# mp3 Dateien mit Wavelab verändern



## Stefan Kessels (19. März 2004)

Hallo,

ich habe da eine Frage, in der Suchfunktion habe ich leider nix gefunden,

und zwar habe ich aus einem Lied einen Ausschnitt herausgeschnitten um diesen als Hintergrund Datei auf meiner HP laufen zu lassen.

Allerdings hört sich dies ziemlich Sch... an da die Datei mitten aus dem Lied stammt.

So möchte ich die Datei mit Wavelab (Vers. 3) so bearbeiten, dass diese am Ende wie immer leiser wird. Habe auch in der Wavelab Hilfe nix gefunden.

Um Hilfe wäre ich sehr erfreut.

mfg

Stefan Kessels


----------



## lg-king (23. März 2004)

*wavelab*

also bei version 4 geht das so :

datei öffnen, wave anklicken und dann unten bei dateityp mp3 auswählen.
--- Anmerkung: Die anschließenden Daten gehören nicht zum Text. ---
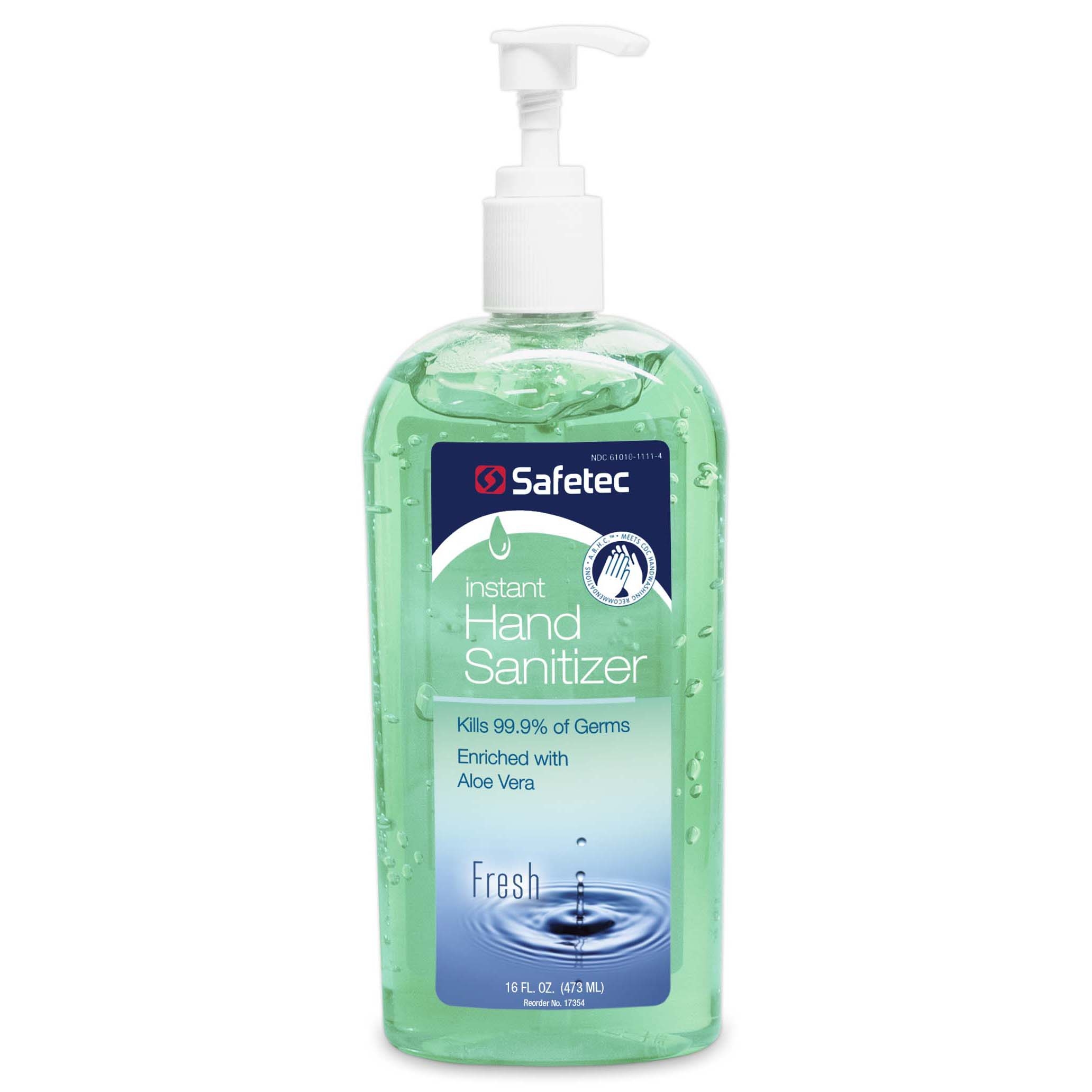 SafetecĀ® Instant Hand Sanitizer 16 oz Pump Bottle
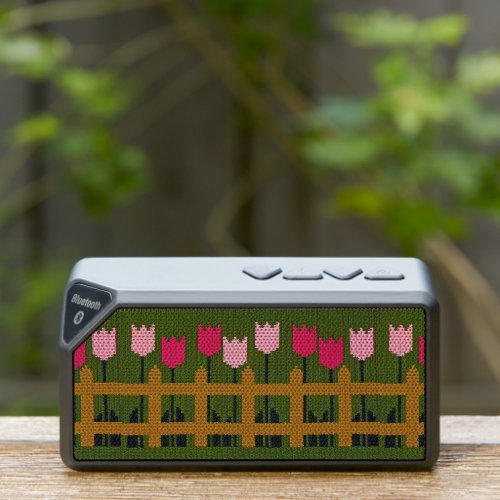 Fence Pink Tulips Green Lawn Artisan Crochet Print Bluetooth Speaker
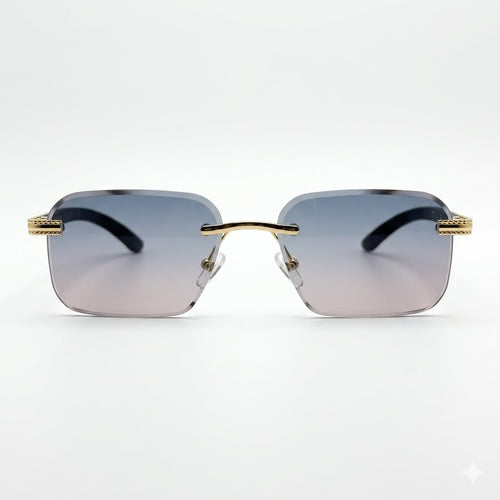 Mivdior Eclipse RIMLESS Golden Black  Frame Blue Gradiant Lens Sunglasses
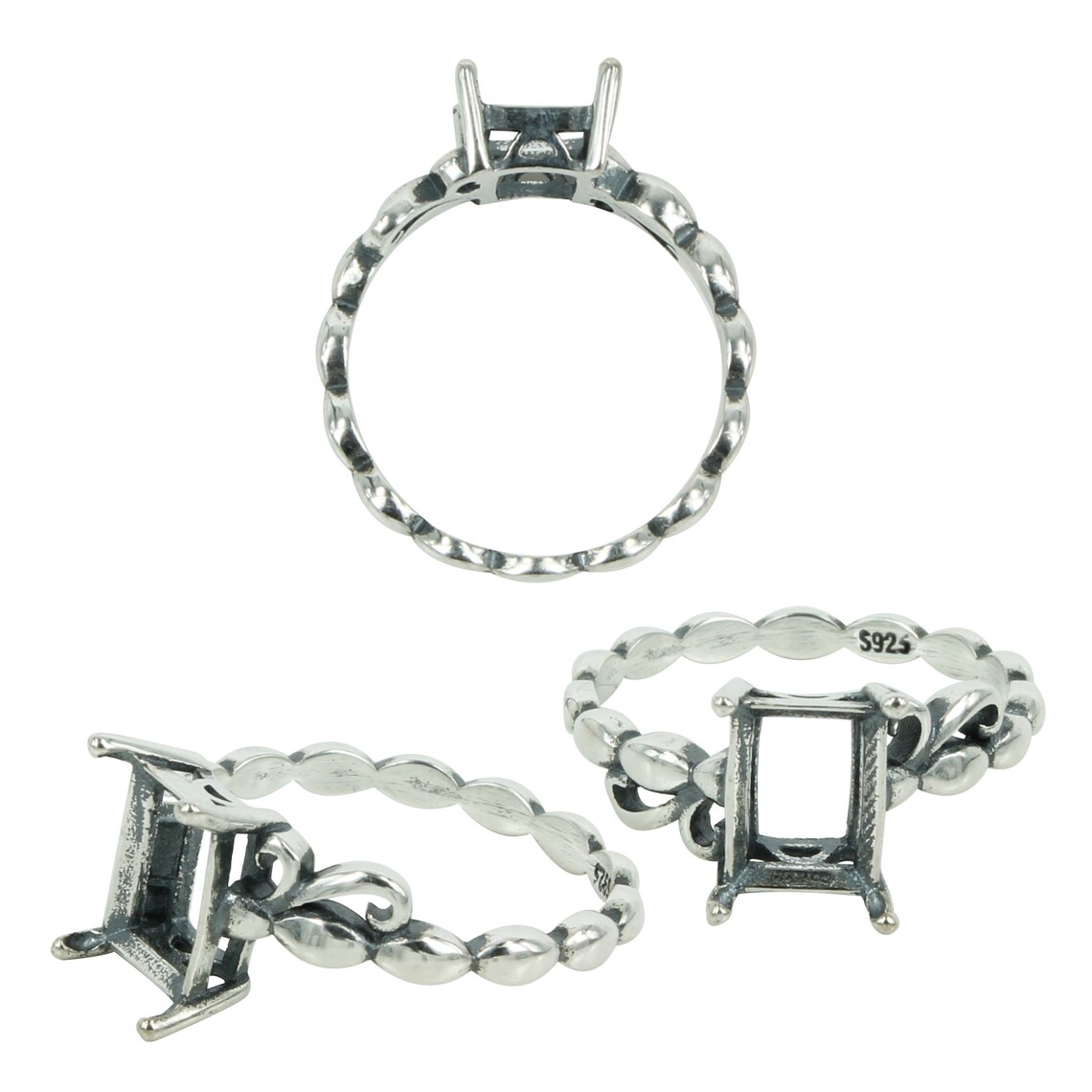 Scallop Setting Scallops & Flourishes Band Ring Setting With Rectangle Prongs Mounting ...
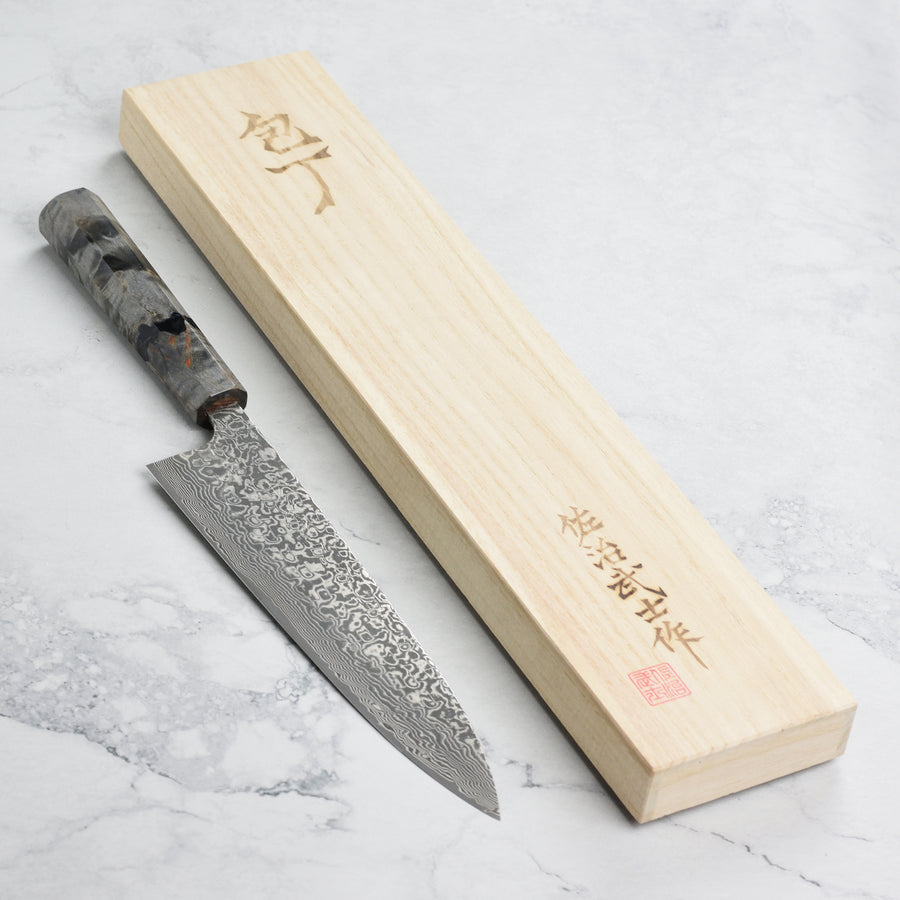 Saji SG2 Black Damascus 9.4" Gyuto, Stabilized Birch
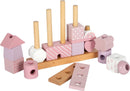 small foot Stapelhaus rosa, kreatives Steck- und Stapelspiel aus hochwertigem Holz, mit 18 verschiedenen Bausteinen, für Kinder ab 12 Monaten, 12713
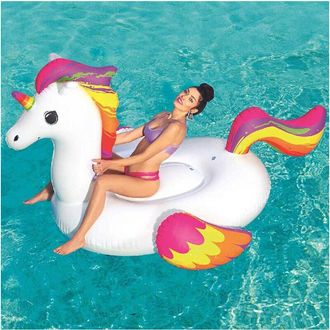 Trade Shop Trade Shop - 224 X 164 Cm Unicornio De Moda Gigante Montable Caballo Arco Iris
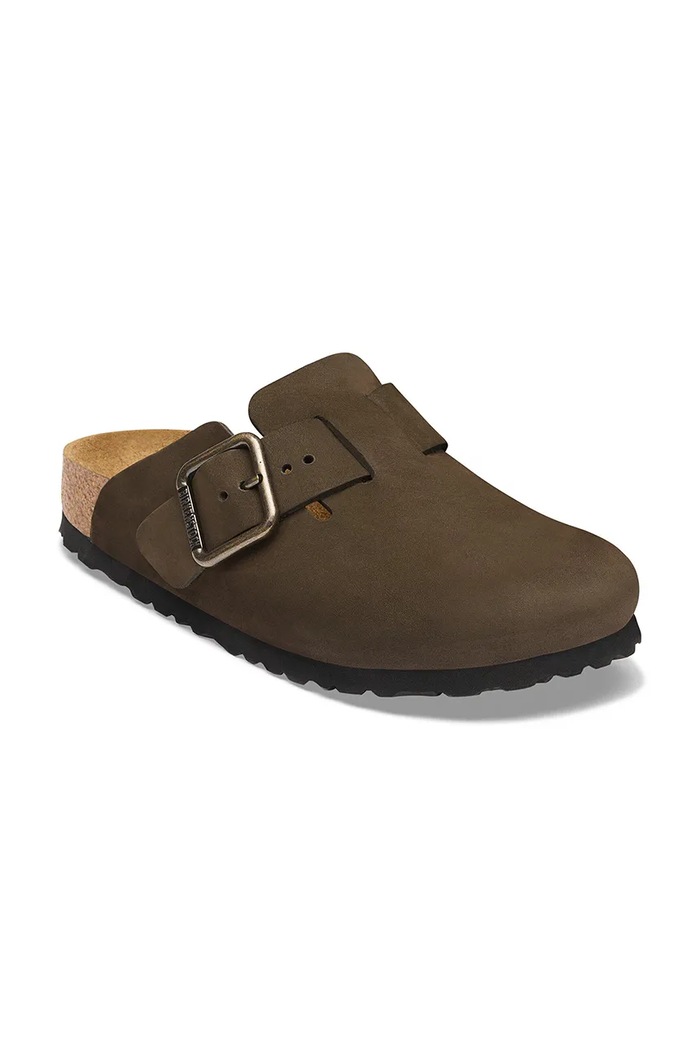 Birkenstock klapki mules nubukowe Boston Wire Buckle Nubuck Leather 1032760 brązowy AW26
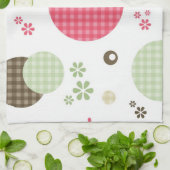 Girly Pink Gingham Pattern Circles Cute Daisies Theedoek (Gevouwen)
hoffe bei der 3er version ist nicht viel anders.


----------



## musica (25. März 2004)

Hallo Stefan!
Diese Funktion nennt sich "Ausblenden" - einfach den gewünschten Bereich am Ende der Datei markieren und den Wert für Ausblenden auf 0 setzen, dann wird im gewünschten Bereich, langsam die Lautsärke auf 0 ausgeblendet  - siehe in der Hilfe-Datei von WaveLab unter "Ausblenden"
mfg
Johannes


----------



## Stefan Kessels (25. März 2004)

Vielen Dank!

Habt mir wirklich sehr geholfen, vielen Dank!

mfg

Stefan Kessels


----------